2006-12-14 22:18:14 · answer #1 · answered by Anonymous · 3 1

I think it is ironic, and started out in life as 'Cheap at twice the price', which makes sense. Then someone who paid over the odds for an item used the new version in a sarcastic way, and now it's stuck! In my family we use similar irony for 'special offers', saying 'two for the price of three'.

2006-12-14 23:09:23 · answer #2 · answered by mad 7 · 1 0

"cheap at half the price"...so it is so cheap, that even if the price were doubled (i.e. it was only half the price) it would still be cheap.
I agree it is an old and convoluted saying.
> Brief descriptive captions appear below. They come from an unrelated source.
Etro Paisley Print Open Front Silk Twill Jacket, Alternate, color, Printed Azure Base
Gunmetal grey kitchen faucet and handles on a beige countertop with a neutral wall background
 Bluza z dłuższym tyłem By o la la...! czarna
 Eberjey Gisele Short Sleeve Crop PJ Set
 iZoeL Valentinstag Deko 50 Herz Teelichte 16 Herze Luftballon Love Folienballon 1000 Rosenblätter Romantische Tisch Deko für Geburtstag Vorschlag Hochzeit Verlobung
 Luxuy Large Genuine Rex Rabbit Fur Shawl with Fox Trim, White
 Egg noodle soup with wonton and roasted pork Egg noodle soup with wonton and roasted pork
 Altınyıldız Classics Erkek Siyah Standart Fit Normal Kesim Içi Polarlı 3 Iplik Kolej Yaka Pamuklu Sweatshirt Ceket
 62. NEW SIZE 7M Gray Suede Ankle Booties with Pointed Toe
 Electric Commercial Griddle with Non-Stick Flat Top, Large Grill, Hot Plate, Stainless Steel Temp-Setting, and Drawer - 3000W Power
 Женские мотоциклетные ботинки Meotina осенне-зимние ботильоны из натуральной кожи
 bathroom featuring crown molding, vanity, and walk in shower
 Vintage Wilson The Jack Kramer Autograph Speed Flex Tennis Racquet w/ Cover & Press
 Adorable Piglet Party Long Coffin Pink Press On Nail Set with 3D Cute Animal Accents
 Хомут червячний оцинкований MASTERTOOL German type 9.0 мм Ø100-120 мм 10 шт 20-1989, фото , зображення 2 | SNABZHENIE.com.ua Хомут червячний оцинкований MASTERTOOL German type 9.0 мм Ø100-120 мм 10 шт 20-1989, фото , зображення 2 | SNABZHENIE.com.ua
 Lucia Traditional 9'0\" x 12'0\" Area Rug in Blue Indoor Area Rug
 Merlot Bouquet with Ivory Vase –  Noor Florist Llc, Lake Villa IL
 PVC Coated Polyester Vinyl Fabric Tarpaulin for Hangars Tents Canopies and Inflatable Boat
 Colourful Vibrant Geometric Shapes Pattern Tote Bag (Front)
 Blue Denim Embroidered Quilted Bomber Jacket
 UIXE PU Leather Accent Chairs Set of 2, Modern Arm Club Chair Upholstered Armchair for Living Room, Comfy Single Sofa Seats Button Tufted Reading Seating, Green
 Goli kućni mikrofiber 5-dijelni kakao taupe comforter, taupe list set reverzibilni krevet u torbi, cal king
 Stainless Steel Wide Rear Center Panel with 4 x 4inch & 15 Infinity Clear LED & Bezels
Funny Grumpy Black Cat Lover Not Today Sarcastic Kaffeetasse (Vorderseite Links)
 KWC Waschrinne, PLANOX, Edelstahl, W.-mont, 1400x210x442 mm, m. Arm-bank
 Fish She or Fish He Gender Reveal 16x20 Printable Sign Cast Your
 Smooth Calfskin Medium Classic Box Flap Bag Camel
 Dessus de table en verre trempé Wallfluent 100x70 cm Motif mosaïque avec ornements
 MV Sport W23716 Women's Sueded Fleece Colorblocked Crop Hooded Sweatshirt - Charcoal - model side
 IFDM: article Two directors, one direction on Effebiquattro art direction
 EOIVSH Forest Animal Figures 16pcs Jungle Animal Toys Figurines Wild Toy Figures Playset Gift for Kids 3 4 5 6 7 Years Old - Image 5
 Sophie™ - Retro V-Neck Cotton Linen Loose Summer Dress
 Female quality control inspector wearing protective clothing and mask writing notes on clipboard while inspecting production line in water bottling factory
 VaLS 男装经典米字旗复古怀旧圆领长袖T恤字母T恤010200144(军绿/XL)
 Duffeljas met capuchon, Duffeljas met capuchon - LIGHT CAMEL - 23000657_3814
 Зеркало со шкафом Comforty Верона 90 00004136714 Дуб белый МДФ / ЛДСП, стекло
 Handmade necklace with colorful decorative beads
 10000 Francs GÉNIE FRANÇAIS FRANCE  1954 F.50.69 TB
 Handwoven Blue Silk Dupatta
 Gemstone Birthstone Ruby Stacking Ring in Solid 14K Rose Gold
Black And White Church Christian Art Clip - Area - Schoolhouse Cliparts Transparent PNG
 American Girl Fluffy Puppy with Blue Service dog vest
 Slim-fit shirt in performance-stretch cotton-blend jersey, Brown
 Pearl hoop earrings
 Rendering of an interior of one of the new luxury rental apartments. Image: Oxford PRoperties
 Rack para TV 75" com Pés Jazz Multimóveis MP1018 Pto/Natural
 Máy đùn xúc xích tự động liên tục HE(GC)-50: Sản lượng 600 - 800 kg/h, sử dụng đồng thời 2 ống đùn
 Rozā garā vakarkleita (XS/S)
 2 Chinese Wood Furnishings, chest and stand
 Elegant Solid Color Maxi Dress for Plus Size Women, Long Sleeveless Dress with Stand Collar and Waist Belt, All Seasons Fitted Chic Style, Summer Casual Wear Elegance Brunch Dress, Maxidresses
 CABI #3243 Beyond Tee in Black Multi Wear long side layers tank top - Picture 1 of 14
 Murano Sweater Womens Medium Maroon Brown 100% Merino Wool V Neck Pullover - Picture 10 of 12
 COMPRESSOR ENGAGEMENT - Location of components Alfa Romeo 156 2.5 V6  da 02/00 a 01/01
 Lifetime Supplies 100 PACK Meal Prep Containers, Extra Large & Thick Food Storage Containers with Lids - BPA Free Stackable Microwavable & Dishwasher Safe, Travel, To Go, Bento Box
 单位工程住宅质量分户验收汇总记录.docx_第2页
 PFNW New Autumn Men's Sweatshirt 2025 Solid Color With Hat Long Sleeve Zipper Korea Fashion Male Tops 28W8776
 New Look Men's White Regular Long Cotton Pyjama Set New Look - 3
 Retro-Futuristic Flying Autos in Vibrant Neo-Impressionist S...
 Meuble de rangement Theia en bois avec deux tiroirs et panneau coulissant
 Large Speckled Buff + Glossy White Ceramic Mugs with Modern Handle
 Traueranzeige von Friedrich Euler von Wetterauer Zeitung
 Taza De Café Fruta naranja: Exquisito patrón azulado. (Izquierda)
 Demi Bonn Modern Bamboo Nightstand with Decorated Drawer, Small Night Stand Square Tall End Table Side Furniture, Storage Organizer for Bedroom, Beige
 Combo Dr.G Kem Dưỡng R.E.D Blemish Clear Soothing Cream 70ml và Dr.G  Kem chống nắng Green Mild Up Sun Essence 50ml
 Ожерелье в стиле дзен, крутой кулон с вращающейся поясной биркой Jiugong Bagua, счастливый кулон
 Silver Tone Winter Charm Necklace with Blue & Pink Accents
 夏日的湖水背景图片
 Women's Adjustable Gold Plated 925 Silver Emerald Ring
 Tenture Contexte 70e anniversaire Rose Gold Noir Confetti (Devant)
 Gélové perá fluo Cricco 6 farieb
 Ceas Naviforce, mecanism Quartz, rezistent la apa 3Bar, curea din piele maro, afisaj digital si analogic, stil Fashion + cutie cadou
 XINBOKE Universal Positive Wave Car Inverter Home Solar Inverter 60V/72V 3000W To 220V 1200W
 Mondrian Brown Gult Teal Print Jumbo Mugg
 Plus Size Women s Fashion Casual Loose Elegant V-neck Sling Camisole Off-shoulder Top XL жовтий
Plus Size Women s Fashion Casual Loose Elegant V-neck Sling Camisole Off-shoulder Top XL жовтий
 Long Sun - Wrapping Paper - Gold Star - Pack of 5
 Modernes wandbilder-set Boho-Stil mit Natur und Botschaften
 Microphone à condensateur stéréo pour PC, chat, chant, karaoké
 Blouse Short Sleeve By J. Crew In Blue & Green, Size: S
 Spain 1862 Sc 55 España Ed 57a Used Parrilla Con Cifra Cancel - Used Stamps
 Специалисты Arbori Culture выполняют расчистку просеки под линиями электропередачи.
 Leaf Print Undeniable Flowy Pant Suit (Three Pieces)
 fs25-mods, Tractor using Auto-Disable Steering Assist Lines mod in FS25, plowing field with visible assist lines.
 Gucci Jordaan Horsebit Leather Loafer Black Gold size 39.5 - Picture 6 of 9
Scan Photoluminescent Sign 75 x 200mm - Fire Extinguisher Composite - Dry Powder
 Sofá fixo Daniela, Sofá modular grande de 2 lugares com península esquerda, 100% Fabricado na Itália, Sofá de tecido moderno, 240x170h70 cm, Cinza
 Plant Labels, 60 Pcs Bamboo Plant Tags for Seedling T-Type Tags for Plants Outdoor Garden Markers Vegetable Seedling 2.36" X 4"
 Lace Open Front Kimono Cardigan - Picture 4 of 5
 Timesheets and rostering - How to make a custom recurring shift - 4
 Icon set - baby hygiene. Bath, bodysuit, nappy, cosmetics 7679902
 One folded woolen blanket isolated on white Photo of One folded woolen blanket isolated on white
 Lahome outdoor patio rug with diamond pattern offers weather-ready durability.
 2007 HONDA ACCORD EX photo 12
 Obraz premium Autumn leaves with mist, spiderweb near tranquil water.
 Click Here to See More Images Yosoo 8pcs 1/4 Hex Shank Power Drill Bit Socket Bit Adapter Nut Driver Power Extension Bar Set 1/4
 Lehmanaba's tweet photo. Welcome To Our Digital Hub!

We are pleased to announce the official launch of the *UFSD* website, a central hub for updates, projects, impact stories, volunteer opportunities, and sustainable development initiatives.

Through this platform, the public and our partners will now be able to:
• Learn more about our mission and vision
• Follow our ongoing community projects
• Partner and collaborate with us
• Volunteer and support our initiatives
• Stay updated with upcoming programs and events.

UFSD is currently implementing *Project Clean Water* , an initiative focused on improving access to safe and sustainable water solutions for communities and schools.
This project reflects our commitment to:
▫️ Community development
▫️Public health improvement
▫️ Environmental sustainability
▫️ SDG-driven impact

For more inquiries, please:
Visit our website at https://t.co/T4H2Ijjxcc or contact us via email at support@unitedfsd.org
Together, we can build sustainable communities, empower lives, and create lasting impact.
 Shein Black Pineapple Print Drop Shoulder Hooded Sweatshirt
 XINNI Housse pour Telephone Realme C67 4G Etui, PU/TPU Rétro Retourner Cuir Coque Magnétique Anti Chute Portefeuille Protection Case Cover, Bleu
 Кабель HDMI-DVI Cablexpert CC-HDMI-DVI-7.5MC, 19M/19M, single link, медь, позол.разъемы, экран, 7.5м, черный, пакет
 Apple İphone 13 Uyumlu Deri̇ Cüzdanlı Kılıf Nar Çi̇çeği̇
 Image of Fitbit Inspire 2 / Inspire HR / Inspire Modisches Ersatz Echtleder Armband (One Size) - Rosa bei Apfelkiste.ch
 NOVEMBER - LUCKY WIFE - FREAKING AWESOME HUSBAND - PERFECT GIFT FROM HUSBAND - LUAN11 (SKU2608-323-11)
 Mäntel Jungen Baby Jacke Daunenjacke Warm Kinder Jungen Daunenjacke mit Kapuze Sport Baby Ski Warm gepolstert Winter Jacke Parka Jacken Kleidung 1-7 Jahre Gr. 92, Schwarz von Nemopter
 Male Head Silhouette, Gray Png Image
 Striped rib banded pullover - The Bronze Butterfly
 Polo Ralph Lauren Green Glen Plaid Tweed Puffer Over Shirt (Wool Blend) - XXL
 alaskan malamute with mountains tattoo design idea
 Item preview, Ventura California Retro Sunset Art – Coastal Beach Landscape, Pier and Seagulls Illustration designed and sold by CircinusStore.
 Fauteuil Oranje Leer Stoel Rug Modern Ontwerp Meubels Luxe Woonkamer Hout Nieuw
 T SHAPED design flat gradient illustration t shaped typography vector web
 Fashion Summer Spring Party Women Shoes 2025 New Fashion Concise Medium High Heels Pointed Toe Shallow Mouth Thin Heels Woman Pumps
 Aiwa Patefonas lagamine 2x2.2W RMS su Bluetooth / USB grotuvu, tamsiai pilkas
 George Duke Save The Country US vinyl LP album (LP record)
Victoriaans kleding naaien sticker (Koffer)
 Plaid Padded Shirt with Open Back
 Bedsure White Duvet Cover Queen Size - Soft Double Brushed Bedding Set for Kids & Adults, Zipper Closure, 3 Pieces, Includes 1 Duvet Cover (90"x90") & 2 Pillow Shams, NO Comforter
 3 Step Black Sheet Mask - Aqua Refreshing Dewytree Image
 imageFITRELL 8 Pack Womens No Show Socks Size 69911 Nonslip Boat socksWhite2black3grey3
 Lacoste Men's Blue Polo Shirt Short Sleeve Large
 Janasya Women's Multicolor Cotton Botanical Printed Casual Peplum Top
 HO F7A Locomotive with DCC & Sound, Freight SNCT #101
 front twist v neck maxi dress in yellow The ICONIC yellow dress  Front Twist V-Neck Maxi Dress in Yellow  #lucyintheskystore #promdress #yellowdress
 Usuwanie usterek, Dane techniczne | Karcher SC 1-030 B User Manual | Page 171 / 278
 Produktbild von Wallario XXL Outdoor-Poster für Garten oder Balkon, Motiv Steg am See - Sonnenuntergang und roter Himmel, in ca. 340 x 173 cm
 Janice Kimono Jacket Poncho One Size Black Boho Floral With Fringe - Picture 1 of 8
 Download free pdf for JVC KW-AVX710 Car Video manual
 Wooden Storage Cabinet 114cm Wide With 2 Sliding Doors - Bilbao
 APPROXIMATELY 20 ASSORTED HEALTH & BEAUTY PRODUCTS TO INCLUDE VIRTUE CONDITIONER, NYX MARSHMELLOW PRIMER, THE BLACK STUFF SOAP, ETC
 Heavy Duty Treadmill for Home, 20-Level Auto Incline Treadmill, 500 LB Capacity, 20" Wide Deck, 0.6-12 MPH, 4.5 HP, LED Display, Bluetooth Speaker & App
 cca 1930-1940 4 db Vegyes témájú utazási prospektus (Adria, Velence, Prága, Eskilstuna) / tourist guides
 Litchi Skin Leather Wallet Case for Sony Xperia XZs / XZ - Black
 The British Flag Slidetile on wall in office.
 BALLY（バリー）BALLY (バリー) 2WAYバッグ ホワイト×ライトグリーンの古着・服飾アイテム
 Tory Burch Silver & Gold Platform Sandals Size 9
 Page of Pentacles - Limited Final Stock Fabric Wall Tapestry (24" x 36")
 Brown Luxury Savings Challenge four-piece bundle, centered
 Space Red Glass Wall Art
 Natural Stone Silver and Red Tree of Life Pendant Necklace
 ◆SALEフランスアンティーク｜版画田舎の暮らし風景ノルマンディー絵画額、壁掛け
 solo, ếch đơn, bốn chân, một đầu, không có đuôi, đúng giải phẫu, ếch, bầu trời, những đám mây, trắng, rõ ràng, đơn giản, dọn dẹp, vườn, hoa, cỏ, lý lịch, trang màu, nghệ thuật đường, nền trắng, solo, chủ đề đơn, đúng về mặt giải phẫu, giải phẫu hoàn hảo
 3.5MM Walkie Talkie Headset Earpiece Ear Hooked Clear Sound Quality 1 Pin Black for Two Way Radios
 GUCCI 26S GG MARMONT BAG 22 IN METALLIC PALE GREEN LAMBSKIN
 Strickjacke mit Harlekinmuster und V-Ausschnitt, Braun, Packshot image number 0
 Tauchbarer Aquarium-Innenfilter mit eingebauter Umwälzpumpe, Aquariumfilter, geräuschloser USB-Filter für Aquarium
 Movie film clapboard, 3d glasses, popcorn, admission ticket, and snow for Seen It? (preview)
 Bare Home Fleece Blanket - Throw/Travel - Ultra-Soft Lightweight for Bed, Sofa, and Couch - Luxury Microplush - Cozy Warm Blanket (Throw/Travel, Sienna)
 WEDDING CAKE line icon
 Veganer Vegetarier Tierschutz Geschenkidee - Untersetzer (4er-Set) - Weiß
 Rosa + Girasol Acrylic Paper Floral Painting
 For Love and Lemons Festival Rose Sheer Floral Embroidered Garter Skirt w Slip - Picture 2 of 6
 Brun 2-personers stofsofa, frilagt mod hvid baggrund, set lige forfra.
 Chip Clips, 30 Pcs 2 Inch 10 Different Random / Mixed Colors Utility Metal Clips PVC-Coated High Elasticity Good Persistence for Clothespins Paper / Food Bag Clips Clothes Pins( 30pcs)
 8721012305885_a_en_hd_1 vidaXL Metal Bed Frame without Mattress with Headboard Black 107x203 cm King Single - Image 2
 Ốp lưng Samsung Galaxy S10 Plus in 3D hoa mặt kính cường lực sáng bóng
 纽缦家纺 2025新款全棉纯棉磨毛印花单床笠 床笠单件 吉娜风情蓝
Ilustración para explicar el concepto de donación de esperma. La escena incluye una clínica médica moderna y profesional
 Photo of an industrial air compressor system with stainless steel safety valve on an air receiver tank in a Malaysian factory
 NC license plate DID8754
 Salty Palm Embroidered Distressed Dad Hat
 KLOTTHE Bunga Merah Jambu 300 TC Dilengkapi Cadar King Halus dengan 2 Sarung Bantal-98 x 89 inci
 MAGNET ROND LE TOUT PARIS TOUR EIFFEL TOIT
By today's standards it would make more sense to say cheap at double the price, but it means the same.

2006-12-14 22:22:00 · answer #3 · answered by Anonymous · 1 0

commonly once you purchase some thing for 0.5 fee, you're figuring out to purchase it on the wholesale fee, the fee the reseller bought it for. they commonly mark it up by using a minimum of 50% once you purchase it. So, to me this is not any longer fairly affordable, it truly is very nearly the right fee for the object.

2016-10-18 07:54:40 · answer #4 · answered by ? 4 · 0 0

It is usually said when someone buys something expensive and jokingly they say, 'it's cheap at half the price'

2006-12-14 22:18:20 · answer #5 · answered by Anonymous · 0 0

The expression is "Cheap at twice the price".

The 2005 Excalade you bought at $10,000 would be cheap if you paid $20,000.
-MM

2006-12-15 04:35:27 · answer #6 · answered by Anonymous · 1 0

maybe cheap at twice the price would make more sense

2006-12-14 22:26:55 · answer #7 · answered by welshelf 3 · 1 0

It probably came from an old Marketing Campaign years ago when you would go to your local corner shop to do all your shopping. Not like now when you go to the supermarket.

2006-12-14 22:19:58 · answer #8 · answered by Anonymous · 0 0

well it might mean that something is cheap because it is half its normal price....... it just might

2006-12-15 07:10:40 · answer #9 · answered by _mark_ 2 · 0 0

I think AL has nailed that one you can learn stuff on this site!